Yes, we are very fascinating.
One category, though, has left me stumped and frustrated: "What's your favorite restaurant?" Seems like an easy question, but I've found myself muttering something about oh, I like different places for different things and the food's so good at Zuni but the service is bad and Incanto is really good if you're not spooked by offal, CAV is a great wine bar, Universal Cafe is sort of the classic San Francisco restaurant, Spice Hut in Menlo Park has good Indian food and...
Well, no more. I have a favorite! I finally made it to Quince.

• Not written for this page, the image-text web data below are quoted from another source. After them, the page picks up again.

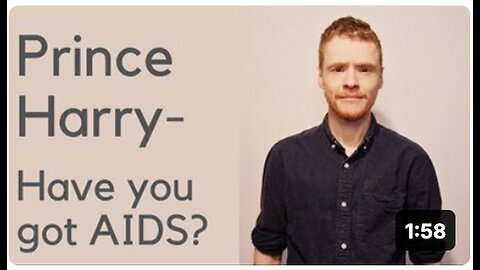 🤴Prince Harry- Have you got AIDS?🤔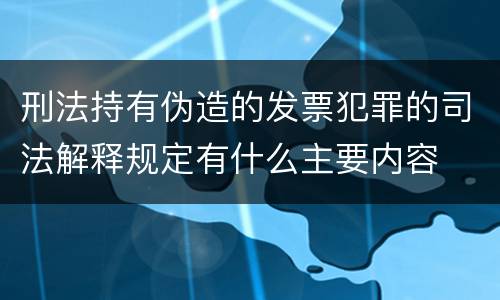 刑法持有伪造的发票犯罪的司法解释规定有什么主要内容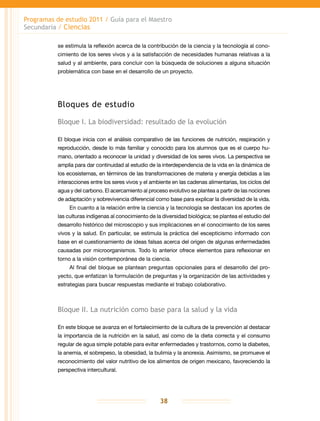 Programas de estudio 2011 / Guía para el Maestro
Secundaria / Ciencias
38
se estimula la reflexión acerca de la contribución de la ciencia y la tecnología al cono-
cimiento de los seres vivos y a la satisfacción de necesidades humanas relativas a la
salud y al ambiente, para concluir con la búsqueda de soluciones a alguna situación
problemática con base en el desarrollo de un proyecto.
Bloques de estudio
Bloque I. La biodiversidad: resultado de la evolución
El bloque inicia con el análisis comparativo de las funciones de nutrición, respiración y
reproducción, desde lo más familiar y conocido para los alumnos que es el cuerpo hu-
mano, orientado a reconocer la unidad y diversidad de los seres vivos. La perspectiva se
amplía para dar continuidad al estudio de la interdependencia de la vida en la dinámica de
los ecosistemas, en términos de las transformaciones de materia y energía debidas a las
interacciones entre los seres vivos y el ambiente en las cadenas alimentarias, los ciclos del
agua y del carbono. El acercamiento al proceso evolutivo se plantea a partir de las nociones
de adaptación y sobrevivencia diferencial como base para explicar la diversidad de la vida.
En cuanto a la relación entre la ciencia y la tecnología se destacan los aportes de
las culturas indígenas al conocimiento de la diversidad biológica; se plantea el estudio del
desarrollo histórico del microscopio y sus implicaciones en el conocimiento de los seres
vivos y la salud. En particular, se estimula la práctica del escepticismo informado con
base en el cuestionamiento de ideas falsas acerca del origen de algunas enfermedades
causadas por microorganismos. Todo lo anterior ofrece elementos para reflexionar en
torno a la visión contemporánea de la ciencia.
Al final del bloque se plantean preguntas opcionales para el desarrollo del pro-
yecto, que enfatizan la formulación de preguntas y la organización de las actividades y
estrategias para buscar respuestas mediante el trabajo colaborativo.
Bloque II. La nutrición como base para la salud y la vida
En este bloque se avanza en el fortalecimiento de la cultura de la prevención al destacar
la importancia de la nutrición en la salud, así como de la dieta correcta y el consumo
regular de agua simple potable para evitar enfermedades y trastornos, como la diabetes,
la anemia, el sobrepeso, la obesidad, la bulimia y la anorexia. Asimismo, se promueve el
reconocimiento del valor nutritivo de los alimentos de origen mexicano, favoreciendo la
perspectiva intercultural.
 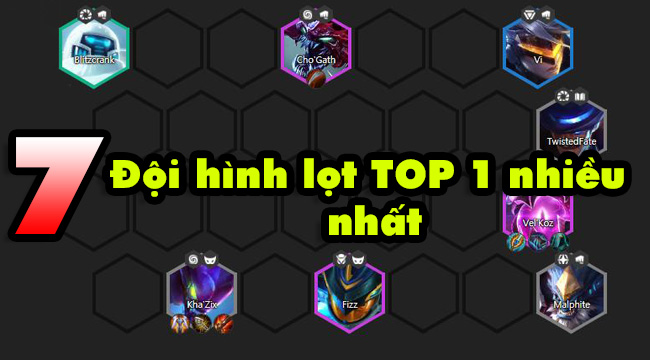 Đấu Trường Chân Lý: TOP 7 đội hình có tỷ lệ lọt top 1 nhiều nhất meta hiện tại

We had a perfect meal. I'm not overstating here. It was my mother's birthday and the staff nailed every detail. The greeting at the door ("Yes, your table is right here"), the personalized menu ("March 26, 2007 -- Happy Birthday Elaine"), the perfect Lillet cocktail, the fresh flowers, the little warm rolls. Quince is polished and warm, a well-oiled machine that accommodates improvisation and quiet moments of pleasure. It's Pac Heights elegance without fussiness. Swept along in comfort, you're fully primed to savor the food.
And the food! Cauliflower sformato, like a dense soufflé or mousse, was enriched with parmesan, an earthy-airy game of tag. There was a salad with the sweetest pixie tangerines and blood oranges layered with watercress and pistachio. Agnolotti dal plin were tiny little pasta purses stuffed with ground veal, pork, and rabbit. Three bites in, I was high on umami.
We ordered the cheese course. We had dessert (Mom's served with a slender candle) and blood orange tea. We talked and laughed and slowly landed. They brought our coats, pulled the car out front, and we smiled, sighed, and left.
It was a splurge. But the bill was an even $200. For three people, on a night of such happy indulgence, I can't complain.